→ WORK TO BE COMPLETED: Your answer must match, word for word, the lines from the one holding "From a background" through the final line below, with pictures excluded.

→ RECORDS SHOWN:
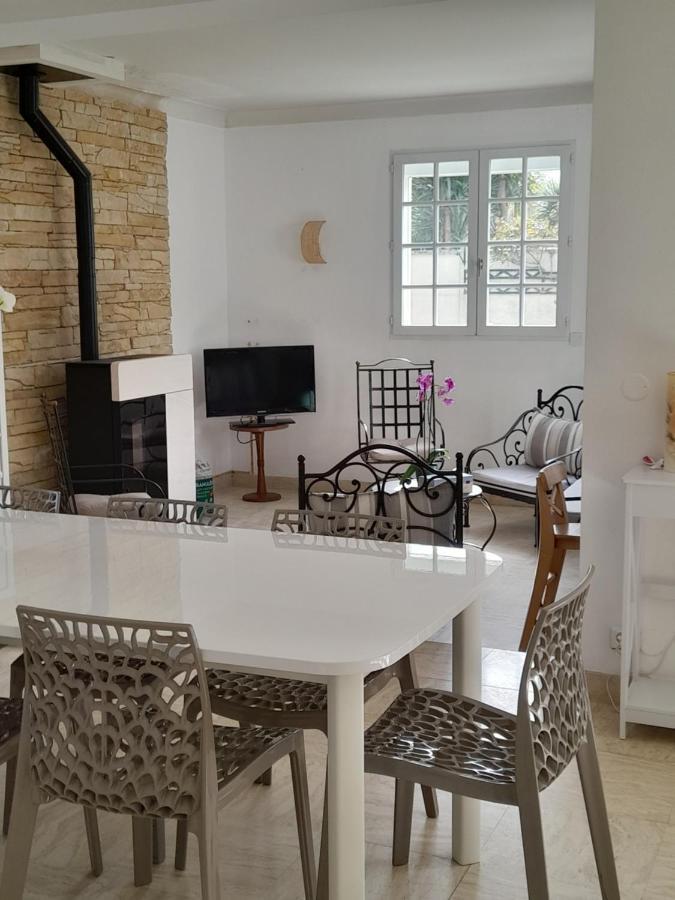 La Cle De Line Bed & Breakfast Saint-Aubin-Sur-Mer  Luaran gambar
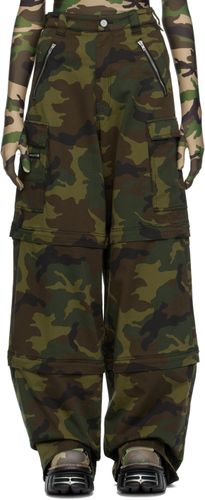 Transformer Denim Cargo Pants - VETEMENTS - Modalova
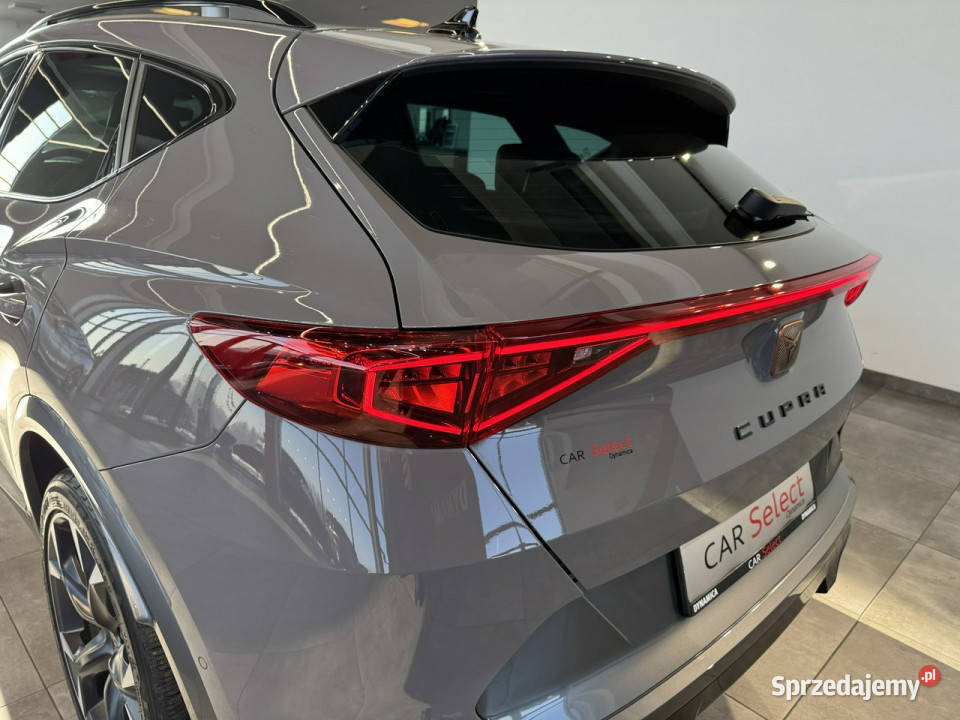 Cupra Formentor VAT 23 15TSI 150 DSG 2022 r możliwa zamiana Myślenice sprzedam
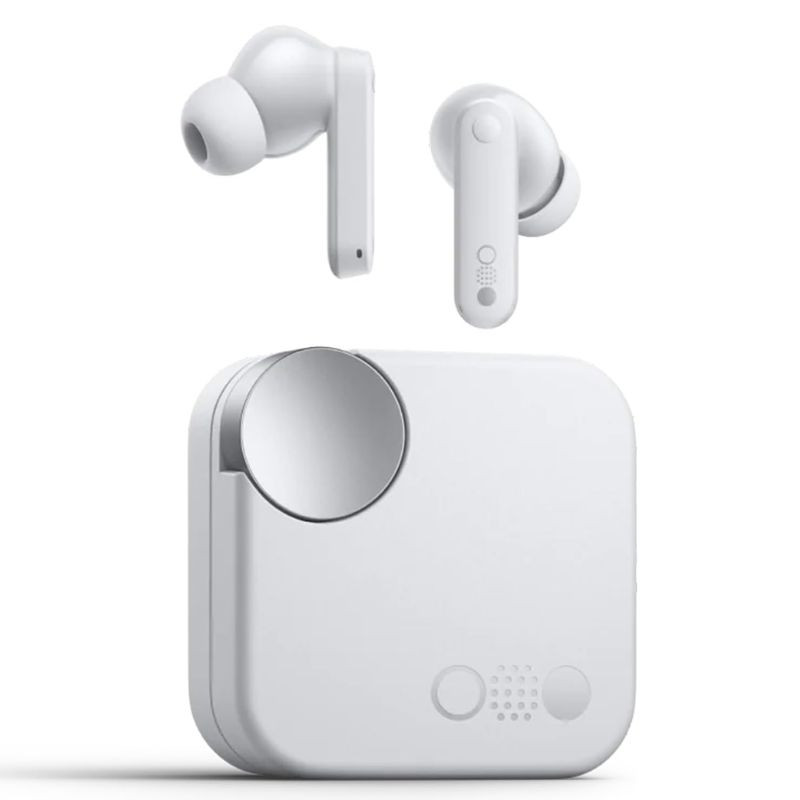 Lighgt Grey Nothing CMF Buds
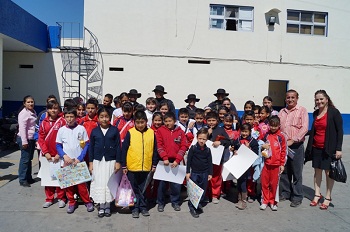 visitaron todas las áreas que integran la corporación, como son: Seguridad, Tránsito y Transporte, Planeación, Prevención del Delito y Participación Ciudadana, Protección Civil, Central de Emergencias 066, Plataforma México, Área de Barandilla, Trabajo Social, Área Médica, Área de Jueces Calificadores y Banco de Armas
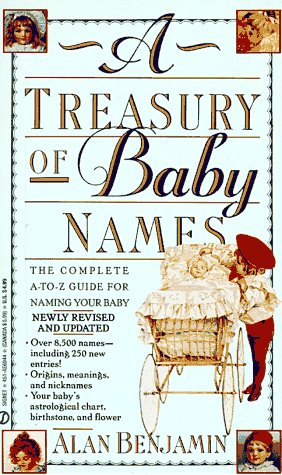 Beispielbild fr A Treasury of Baby Names zum Verkauf von Better World Books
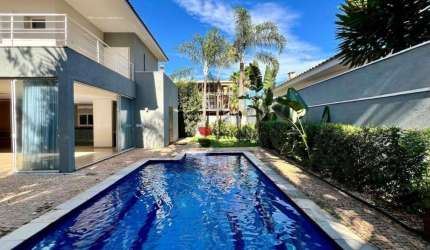 Casa Sobrado de alto padrão com 397 m², 4 quartos à venda no Condomínio Verona em Ribeirão Preto/SP I Imobiliária Brioni imóveis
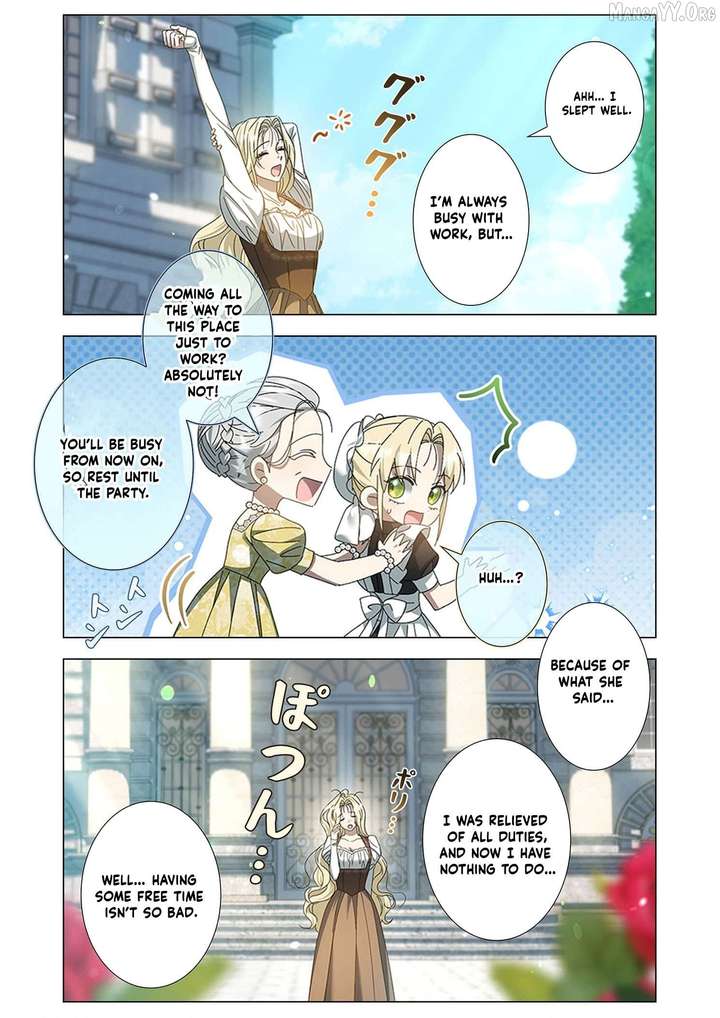 From a background character to the guardian of the marquess’s heir Chapter 29 119 004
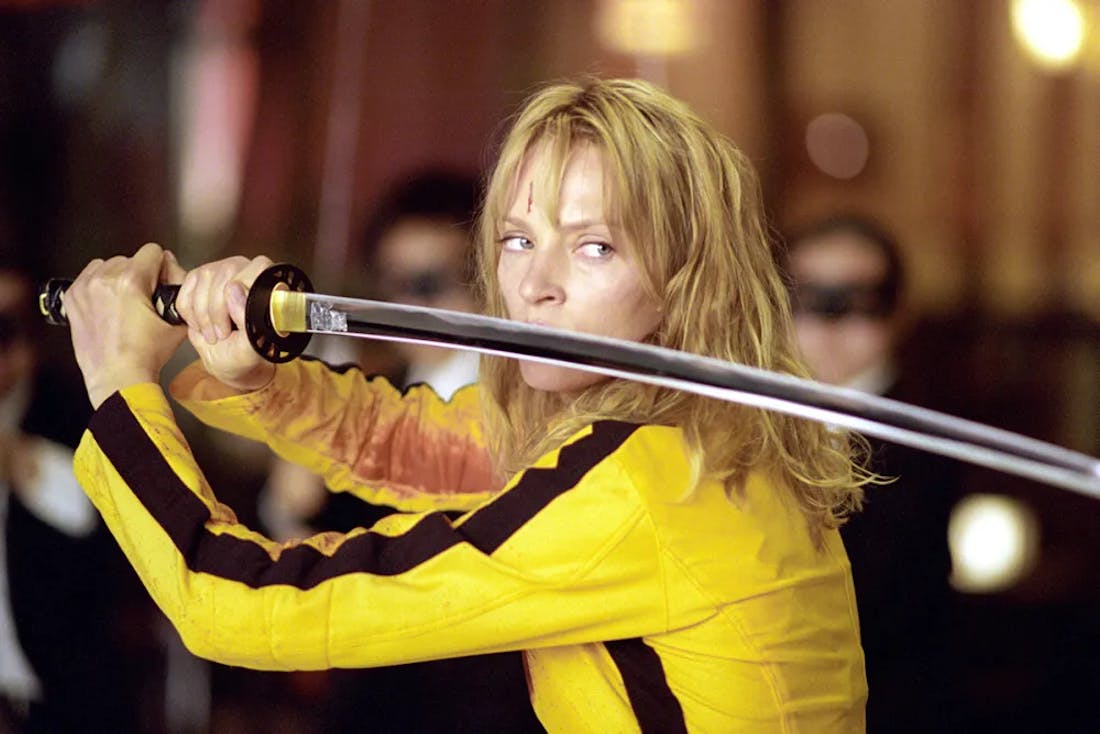 Kill Bill Kill Bill-films worden als één geheel vertoond in bioscopen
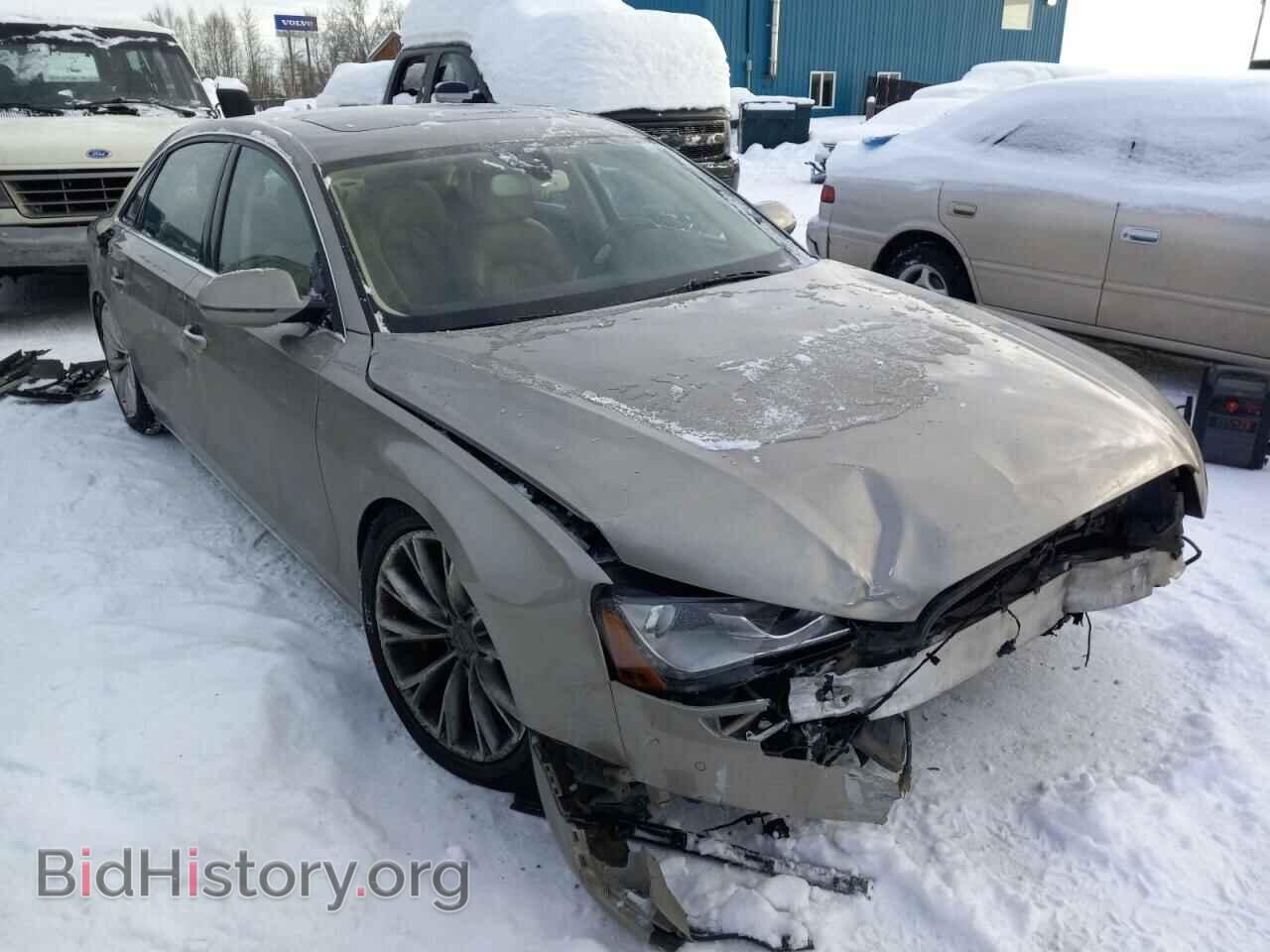Photo WAURVAFD2CN018366 - AUDI A8 2012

→ ANSWER FOR THIS EXERCISE:
 From a background character to the guardian of the marquess’s heir Chapter 29 119 004
 Kill Bill Kill Bill-films worden als één geheel vertoond in bioscopen
Photo WAURVAFD2CN018366 - AUDI A8 2012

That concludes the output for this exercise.